In addition to making this theoretical point, there are two other goals of the current study. The first is empirical: The experiments in the current study test whether the key result reported by BKA16 is an artifact of the stimuli that they used. If the result is artifactual, then of course the conclusions drawn from it are baseless. The other goal of the current study is more methodological: As I will discuss shortly, the technique used by BKA16 and by MRM18 is a variation of a methodology that was widely used 40 years ago, and that is enjoying renewed popularity. One goal of the current study is to urge new users of the technique to thoroughly acquaint themselves with the methodological and empirical findings in the original literature. As noted below, familiarity with this literature is also important for researchers examining phonetic recalibration (also called “retuning” or “perceptual learning”) because many of the studies in this burgeoning area have substantial overlap methodologically with selective adaptation procedures.

The research by BKA16 and MRM18 was conducted using a modified version of the selective adaptation procedure. In order to fully understand their work, some knowledge of that task is necessary because the empirical questions examined in those papers were based on earlier adaptation results. Therefore, I will present a very brief overview of the adaptation literature. A more extensive description of much of the relevant work is available in Samuel (1986).
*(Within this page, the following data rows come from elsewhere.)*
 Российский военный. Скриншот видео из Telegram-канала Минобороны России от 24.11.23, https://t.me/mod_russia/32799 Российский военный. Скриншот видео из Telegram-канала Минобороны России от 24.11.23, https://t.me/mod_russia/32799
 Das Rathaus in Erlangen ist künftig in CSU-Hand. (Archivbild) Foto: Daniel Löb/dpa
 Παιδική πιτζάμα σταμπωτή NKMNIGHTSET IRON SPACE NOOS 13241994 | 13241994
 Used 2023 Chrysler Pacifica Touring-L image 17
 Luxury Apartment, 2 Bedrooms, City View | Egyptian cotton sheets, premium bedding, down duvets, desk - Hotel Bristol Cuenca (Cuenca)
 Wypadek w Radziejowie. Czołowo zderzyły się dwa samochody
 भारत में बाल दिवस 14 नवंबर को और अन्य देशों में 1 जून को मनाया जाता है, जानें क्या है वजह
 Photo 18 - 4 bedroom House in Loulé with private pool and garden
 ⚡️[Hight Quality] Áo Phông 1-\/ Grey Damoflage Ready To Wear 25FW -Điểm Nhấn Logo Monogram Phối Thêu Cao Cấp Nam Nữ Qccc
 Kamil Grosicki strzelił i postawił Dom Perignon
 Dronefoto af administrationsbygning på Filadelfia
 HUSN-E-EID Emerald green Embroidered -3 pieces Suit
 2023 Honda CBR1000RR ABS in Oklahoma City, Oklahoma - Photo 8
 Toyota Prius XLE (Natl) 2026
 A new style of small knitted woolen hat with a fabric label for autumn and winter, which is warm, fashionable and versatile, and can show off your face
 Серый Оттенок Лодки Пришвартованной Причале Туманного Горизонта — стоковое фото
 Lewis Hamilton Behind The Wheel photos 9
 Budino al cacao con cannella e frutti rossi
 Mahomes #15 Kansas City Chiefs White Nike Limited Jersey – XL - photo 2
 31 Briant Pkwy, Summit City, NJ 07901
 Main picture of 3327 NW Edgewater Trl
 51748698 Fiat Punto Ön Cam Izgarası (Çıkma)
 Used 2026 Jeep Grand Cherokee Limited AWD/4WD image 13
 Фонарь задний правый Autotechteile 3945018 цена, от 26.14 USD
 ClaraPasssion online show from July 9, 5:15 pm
The seminal selective adaptation paper was done by Eimas and Corbit (1973). Research on visual psychophysics had shown that repeatedly experiencing a stimulus reduced sensitivity to a visual property. Eimas and Corbit took this approach into the field of speech perception by first creating a continuum of syllables that ranged from /ba/ to /pa/, and then testing whether perception of those syllables would be changed by repeated exposure to an endpoint sound. They observed a “selective adaptation” effect akin to what had been found in visual psychophysics: They reported that after hearing /ba/ many times, listeners became less sensitive to /ba/ and heard fewer /ba/ sounds than before exposure; after hearing /pa/ many times, listeners became less sensitive to /pa/ and heard fewer /pa/ sounds than before. Borrowing from theories in visual psychophysics, Eimas and Corbit interpreted the effect as being a consequence of fatiguing “linguistic feature detectors” through repeated stimulation.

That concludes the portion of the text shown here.